MATERIAL TO PROCESS:
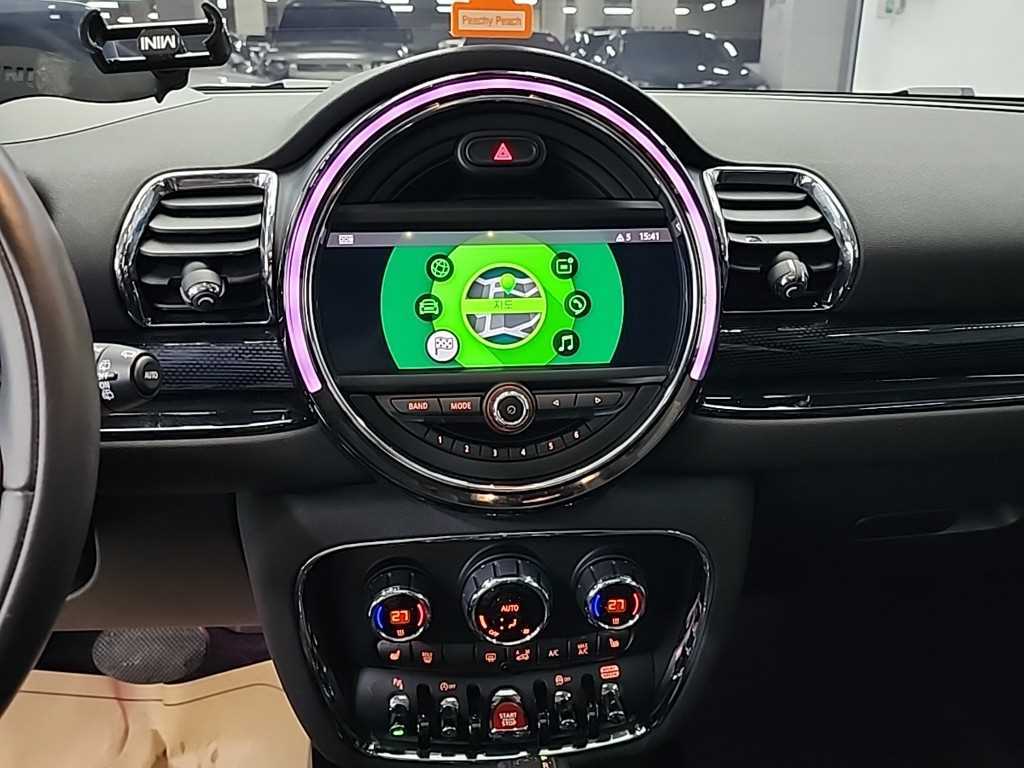 Mini Clubman - Vista 10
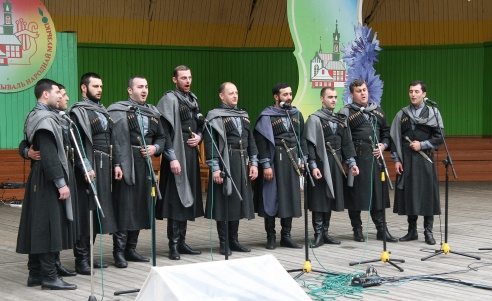 На пастаўскім фестывалі ўсіх сардэчна сустракалі (+фота)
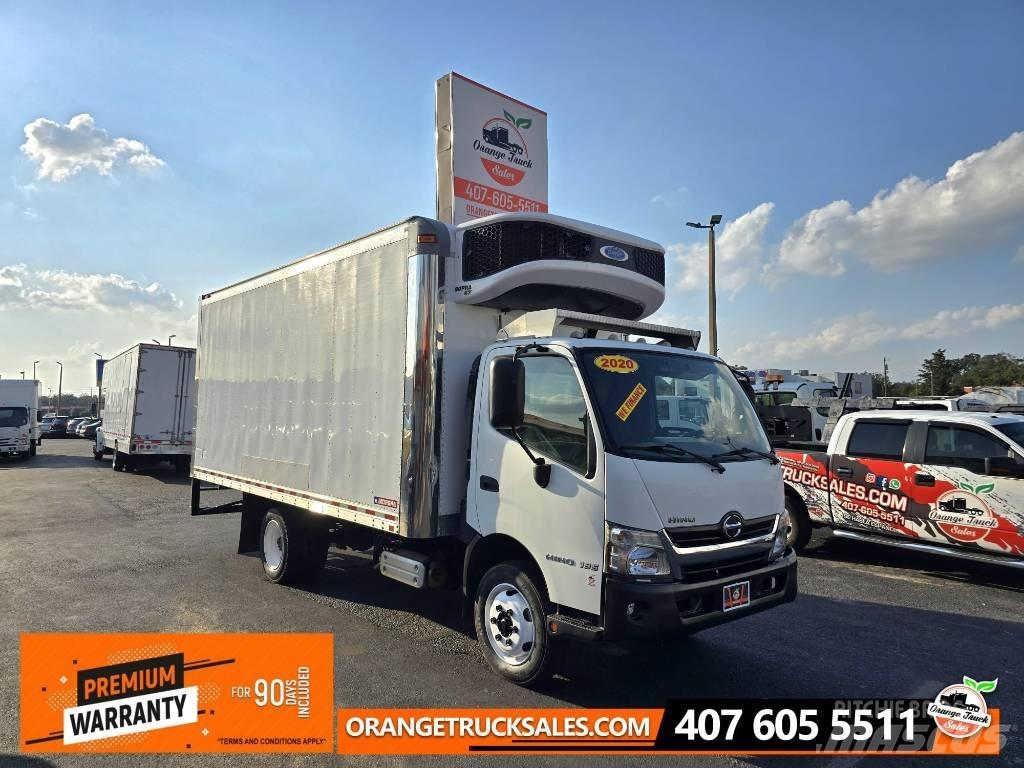Hino 195 冷藏车
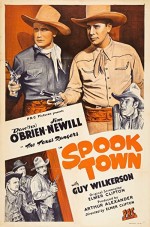 Spook Town (1944) afişi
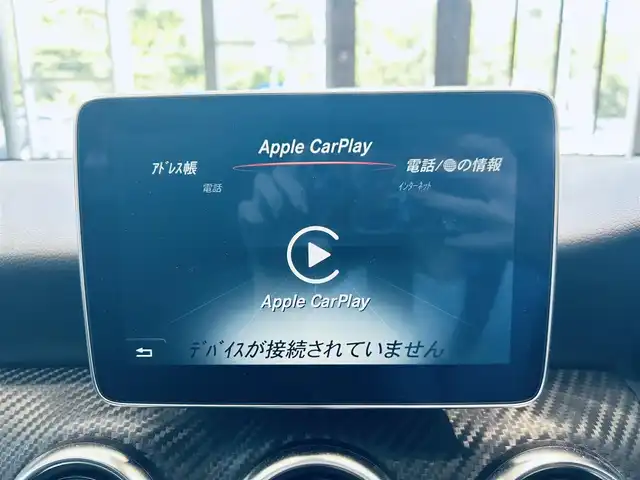 メルセデス・ベンツ Ａ１８０ スポーツ 大阪府 2016(平28)年 4.9万km カルサイトホワイト レーダーセーフティP/ワンオーナー/純正ナビ/TV/applecarplay/バックカメラ/純正18インチAW/LEDヘッドライト/ブラインドスポット/ACC/クリアランスソナー/ハーフレザー/Dメモリ付きパワーシート/シートヒーター/パドルシフト/スマートキー/ETC/ドラレコ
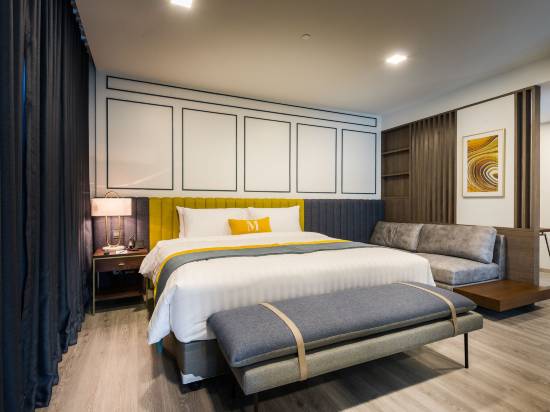 曼谷瑪文風格酒店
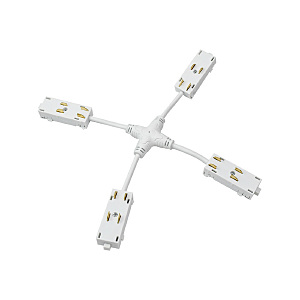 Коннекторы Smart Uni TR2116-WH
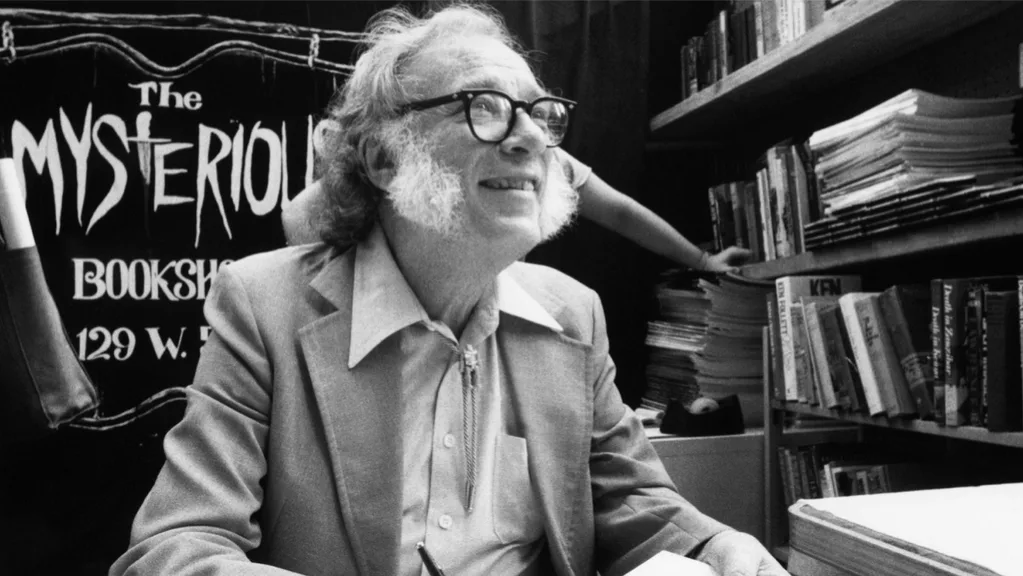 Apple Isaac Asimov’un “Vakıf” serisini TV’ye uyarlayacak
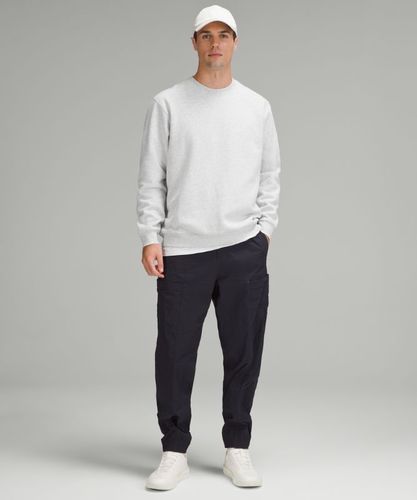 “ Steady State Pullover mit Rundhalsausschnitt fÃ¼r MÃ¤nner â€“ GrÃ¶ÃŸe 2XL in - lululemon - Modalova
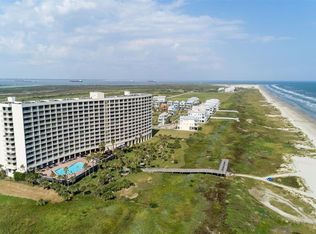 1401 E Beach Dr UNIT 808, Galveston, TX 77550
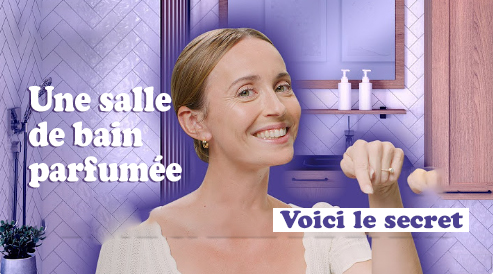Arôme envoûtant : Découvrez le mystère de votre salle de bain pendant une semaine 1 Arôme envoûtant : Découvrez le mystère de votre salle de bain pendant une semaine Salle de bain aromes secrets ss Arôme envoûtant : Découvrez le mystère de votre salle de bain pendant une semaine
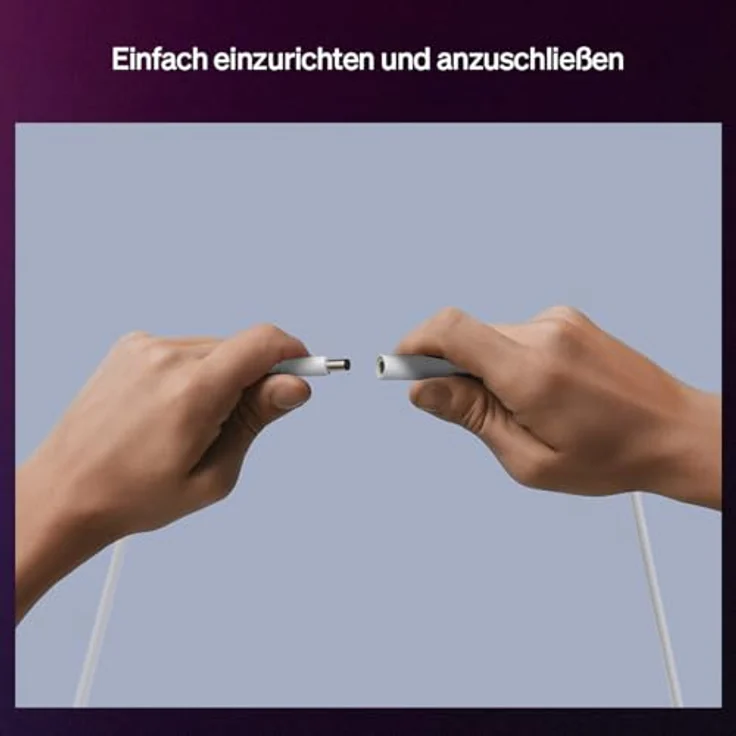Philips Hue Verlängerungskabel Flux, 5 m Niedervolt-Kabel für LED-Streifen, Weiß – Bild 5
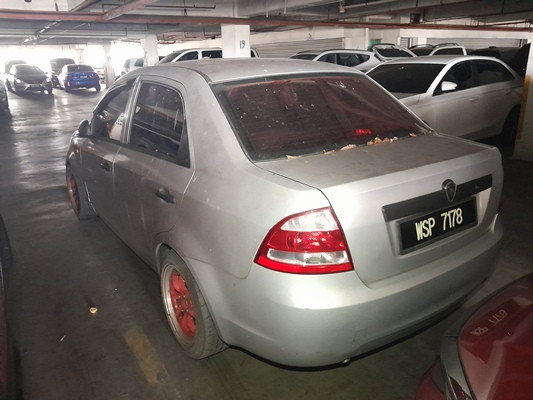 PROTON SAGA 1.3 H LINE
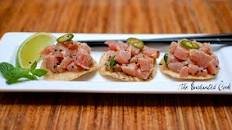 Tuna Ceviche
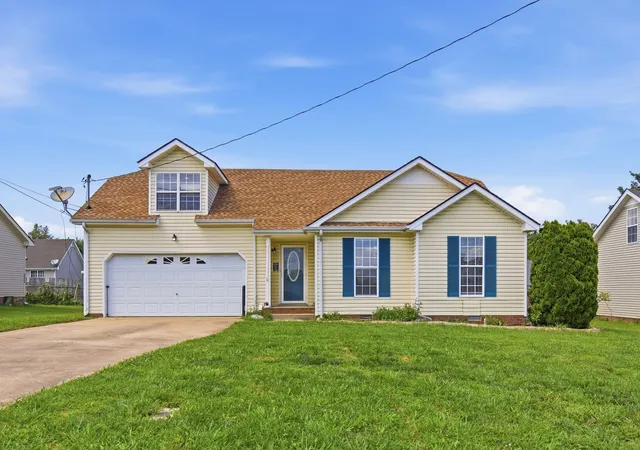 1st image of 2423 Mccalls Way, Clarksville, TN 37042 | MLS# 3232782
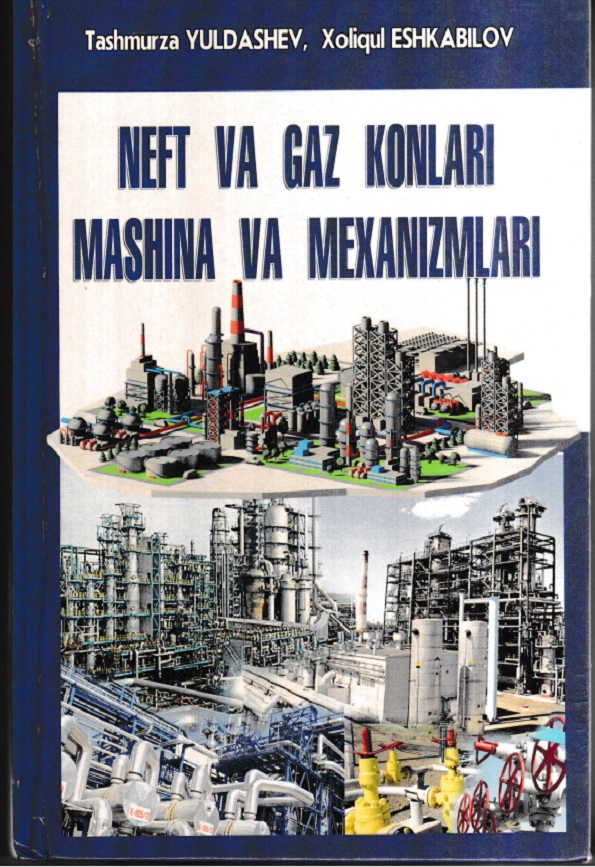 Neft va gaz konlari mashina va mexanizmlari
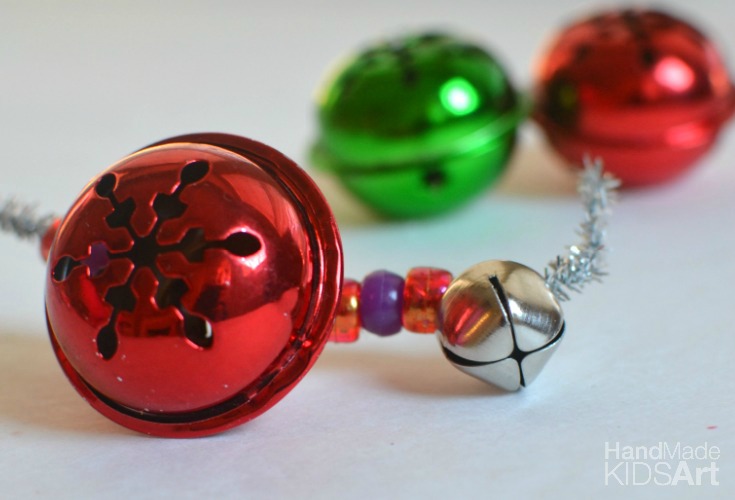 jingle bell shaker bells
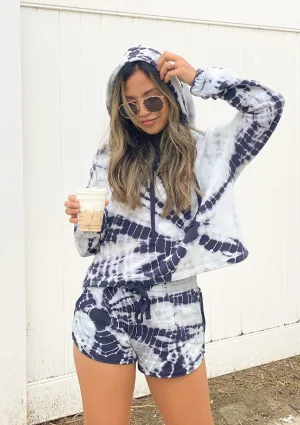 Hang Ten Tie Dye Hoodie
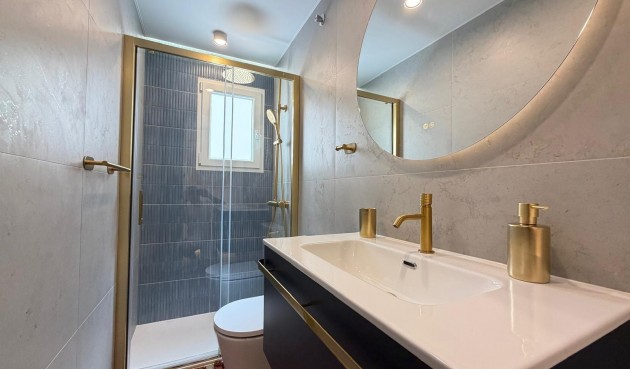 Brukt - Apartment -
Torrevieja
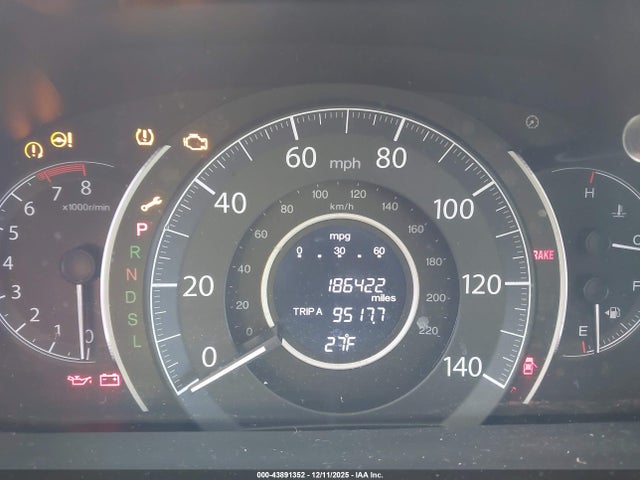 2015 HONDA CR-V 5J6RM4H79FL084339 Photo 6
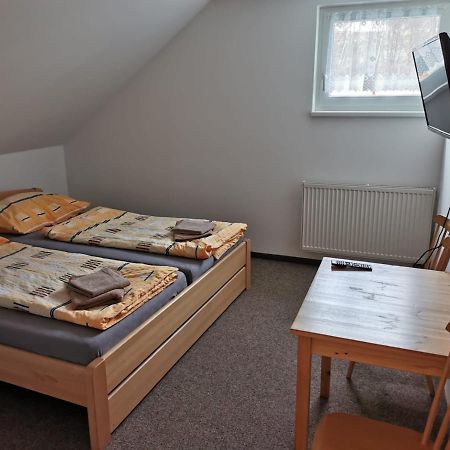 Apartmany U Hastrmana Vyšší Brod Екстериор снимка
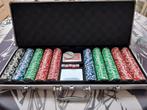 Valise de poker, Ophalen of Verzenden, Gebruikt
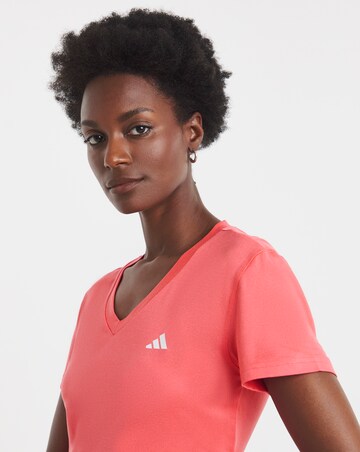 adidas Workout Essentials V-Neck T-shirt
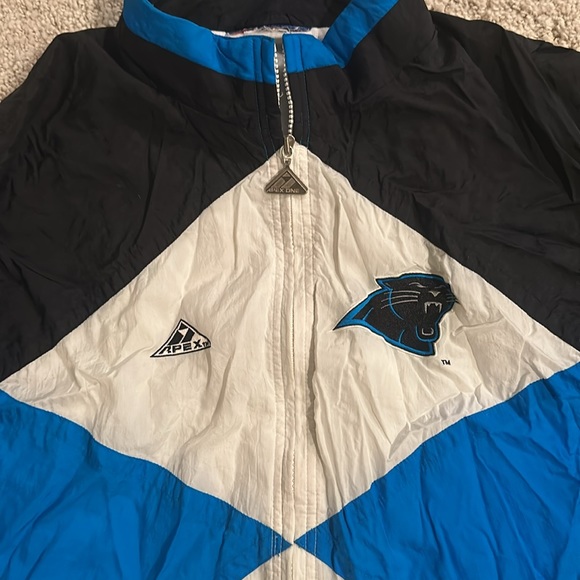 Vintage NFL issued North Carolina Jacket - Picture 2 of 5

DIRECTIONS FOR THIS TASK: Output only the stretch above from the line with "Apple Isaac Asimov’un" through the line with "Hang Ten Tie Dye Hoodie", reproduced exactly. Exclude pictures.

TASK SOLUTION:
 Apple Isaac Asimov’un “Vakıf” serisini TV’ye uyarlayacak
 “ Steady State Pullover mit Rundhalsausschnitt fÃ¼r MÃ¤nner â€“ GrÃ¶ÃŸe 2XL in - lululemon - Modalova
 1401 E Beach Dr UNIT 808, Galveston, TX 77550
Arôme envoûtant : Découvrez le mystère de votre salle de bain pendant une semaine 1 Arôme envoûtant : Découvrez le mystère de votre salle de bain pendant une semaine Salle de bain aromes secrets ss Arôme envoûtant : Découvrez le mystère de votre salle de bain pendant une semaine
Philips Hue Verlängerungskabel Flux, 5 m Niedervolt-Kabel für LED-Streifen, Weiß – Bild 5
 PROTON SAGA 1.3 H LINE
 Tuna Ceviche
 1st image of 2423 Mccalls Way, Clarksville, TN 37042 | MLS# 3232782
 Neft va gaz konlari mashina va mexanizmlari
 jingle bell shaker bells
 Hang Ten Tie Dye Hoodie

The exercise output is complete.